What the exercise asks -
For this listing, the lines between the one holding "辣眼睛这对儿网红情侣确定不是刘梓晨的好朋友" and the one holding "柬埔寨政府宣布已肃清境内大型电诈中心", inclusive, must be set down exactly.
━━━━━━━━━━━━━━━━━━━━━━━━━━━━━━
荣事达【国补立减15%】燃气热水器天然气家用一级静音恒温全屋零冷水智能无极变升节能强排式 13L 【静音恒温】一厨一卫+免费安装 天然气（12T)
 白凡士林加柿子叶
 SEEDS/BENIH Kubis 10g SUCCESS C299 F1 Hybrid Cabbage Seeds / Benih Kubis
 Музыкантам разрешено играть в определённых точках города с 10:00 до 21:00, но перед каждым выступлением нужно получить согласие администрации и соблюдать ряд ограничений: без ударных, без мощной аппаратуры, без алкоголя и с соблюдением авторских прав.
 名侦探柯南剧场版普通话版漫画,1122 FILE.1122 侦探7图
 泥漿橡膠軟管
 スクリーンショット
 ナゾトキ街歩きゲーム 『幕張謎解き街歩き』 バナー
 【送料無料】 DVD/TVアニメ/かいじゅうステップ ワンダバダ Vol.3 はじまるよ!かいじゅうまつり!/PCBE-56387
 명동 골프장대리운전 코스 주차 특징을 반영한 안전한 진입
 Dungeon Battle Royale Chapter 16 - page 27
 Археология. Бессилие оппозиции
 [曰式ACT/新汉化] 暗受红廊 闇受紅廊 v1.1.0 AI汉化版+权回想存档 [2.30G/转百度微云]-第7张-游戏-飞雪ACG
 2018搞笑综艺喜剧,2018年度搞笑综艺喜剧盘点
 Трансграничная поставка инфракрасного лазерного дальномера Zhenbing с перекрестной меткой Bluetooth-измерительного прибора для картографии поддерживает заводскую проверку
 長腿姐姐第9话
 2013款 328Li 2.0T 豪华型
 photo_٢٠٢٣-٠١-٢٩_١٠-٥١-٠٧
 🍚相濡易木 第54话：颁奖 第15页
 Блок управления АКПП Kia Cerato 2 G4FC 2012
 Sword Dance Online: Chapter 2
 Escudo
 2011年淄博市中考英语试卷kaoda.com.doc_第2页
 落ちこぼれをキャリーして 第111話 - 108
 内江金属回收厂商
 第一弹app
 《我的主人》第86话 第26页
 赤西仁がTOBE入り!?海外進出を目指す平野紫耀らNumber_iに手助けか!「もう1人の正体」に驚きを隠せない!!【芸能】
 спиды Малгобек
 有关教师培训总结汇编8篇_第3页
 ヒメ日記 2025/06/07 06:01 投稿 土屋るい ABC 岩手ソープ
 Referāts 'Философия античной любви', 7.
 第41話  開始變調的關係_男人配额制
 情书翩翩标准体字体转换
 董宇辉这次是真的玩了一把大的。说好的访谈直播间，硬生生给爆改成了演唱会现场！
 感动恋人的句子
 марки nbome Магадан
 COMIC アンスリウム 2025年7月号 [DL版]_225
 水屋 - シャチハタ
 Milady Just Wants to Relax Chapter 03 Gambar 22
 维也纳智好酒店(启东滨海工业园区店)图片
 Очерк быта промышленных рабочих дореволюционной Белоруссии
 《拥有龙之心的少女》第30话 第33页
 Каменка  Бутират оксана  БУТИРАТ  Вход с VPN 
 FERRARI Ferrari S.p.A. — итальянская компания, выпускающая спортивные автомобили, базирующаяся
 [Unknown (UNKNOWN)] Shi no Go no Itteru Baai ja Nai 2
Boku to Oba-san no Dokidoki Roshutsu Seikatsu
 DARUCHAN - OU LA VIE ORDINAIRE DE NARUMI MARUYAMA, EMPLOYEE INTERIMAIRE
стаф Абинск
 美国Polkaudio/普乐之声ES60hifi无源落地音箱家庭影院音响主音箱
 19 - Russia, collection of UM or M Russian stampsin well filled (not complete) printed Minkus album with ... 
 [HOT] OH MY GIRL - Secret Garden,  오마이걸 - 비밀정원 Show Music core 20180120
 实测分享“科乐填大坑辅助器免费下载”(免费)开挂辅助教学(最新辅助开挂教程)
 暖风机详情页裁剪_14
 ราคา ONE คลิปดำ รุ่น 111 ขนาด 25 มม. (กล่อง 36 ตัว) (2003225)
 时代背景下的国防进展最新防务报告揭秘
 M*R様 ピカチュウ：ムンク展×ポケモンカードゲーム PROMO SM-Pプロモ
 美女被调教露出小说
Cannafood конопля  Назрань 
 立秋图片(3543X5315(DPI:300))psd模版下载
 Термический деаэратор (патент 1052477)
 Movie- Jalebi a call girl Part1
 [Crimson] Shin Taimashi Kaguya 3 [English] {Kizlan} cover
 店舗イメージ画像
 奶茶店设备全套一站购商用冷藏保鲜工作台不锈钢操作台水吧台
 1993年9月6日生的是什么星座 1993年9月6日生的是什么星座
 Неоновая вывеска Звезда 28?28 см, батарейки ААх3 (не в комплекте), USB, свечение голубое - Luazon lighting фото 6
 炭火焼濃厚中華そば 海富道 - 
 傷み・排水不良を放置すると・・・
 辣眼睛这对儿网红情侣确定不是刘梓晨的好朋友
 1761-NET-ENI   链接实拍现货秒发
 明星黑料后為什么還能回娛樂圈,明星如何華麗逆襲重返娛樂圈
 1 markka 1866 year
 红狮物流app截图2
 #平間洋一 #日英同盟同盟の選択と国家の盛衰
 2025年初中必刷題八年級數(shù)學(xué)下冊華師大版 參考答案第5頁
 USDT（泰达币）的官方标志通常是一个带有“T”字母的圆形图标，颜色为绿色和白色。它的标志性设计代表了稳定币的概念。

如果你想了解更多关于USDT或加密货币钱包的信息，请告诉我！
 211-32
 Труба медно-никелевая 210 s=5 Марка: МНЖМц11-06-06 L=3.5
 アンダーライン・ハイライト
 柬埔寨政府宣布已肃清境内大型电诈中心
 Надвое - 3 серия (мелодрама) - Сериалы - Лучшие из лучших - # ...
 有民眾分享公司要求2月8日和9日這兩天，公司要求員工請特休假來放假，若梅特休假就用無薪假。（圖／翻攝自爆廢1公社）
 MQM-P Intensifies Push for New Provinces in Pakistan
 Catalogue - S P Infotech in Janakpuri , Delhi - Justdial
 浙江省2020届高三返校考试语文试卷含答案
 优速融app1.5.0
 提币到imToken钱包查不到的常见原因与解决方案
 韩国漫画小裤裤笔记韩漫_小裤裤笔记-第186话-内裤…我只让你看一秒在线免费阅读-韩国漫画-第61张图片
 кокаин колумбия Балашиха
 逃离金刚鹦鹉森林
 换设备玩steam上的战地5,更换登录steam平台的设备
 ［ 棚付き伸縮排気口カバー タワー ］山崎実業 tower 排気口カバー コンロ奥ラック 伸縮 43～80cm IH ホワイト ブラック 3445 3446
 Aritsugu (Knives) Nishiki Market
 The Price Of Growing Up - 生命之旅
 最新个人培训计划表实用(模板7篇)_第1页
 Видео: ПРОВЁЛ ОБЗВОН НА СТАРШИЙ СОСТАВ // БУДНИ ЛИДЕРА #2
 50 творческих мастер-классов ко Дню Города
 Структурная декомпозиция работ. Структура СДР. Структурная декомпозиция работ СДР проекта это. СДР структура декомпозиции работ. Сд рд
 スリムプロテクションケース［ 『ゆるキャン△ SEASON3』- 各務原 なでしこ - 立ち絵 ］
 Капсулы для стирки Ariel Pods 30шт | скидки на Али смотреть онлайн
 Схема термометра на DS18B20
━━━━━━━━━━━━━━━━━━━━━━━━━━━━━━
Task answer -
 辣眼睛这对儿网红情侣确定不是刘梓晨的好朋友
 1761-NET-ENI   链接实拍现货秒发
 明星黑料后為什么還能回娛樂圈,明星如何華麗逆襲重返娛樂圈
 1 markka 1866 year
 红狮物流app截图2
 #平間洋一 #日英同盟同盟の選択と国家の盛衰
 2025年初中必刷題八年級數(shù)學(xué)下冊華師大版 參考答案第5頁
 USDT（泰达币）的官方标志通常是一个带有“T”字母的圆形图标，颜色为绿色和白色。它的标志性设计代表了稳定币的概念。

如果你想了解更多关于USDT或加密货币钱包的信息，请告诉我！
 211-32
 Труба медно-никелевая 210 s=5 Марка: МНЖМц11-06-06 L=3.5
 アンダーライン・ハイライト
 柬埔寨政府宣布已肃清境内大型电诈中心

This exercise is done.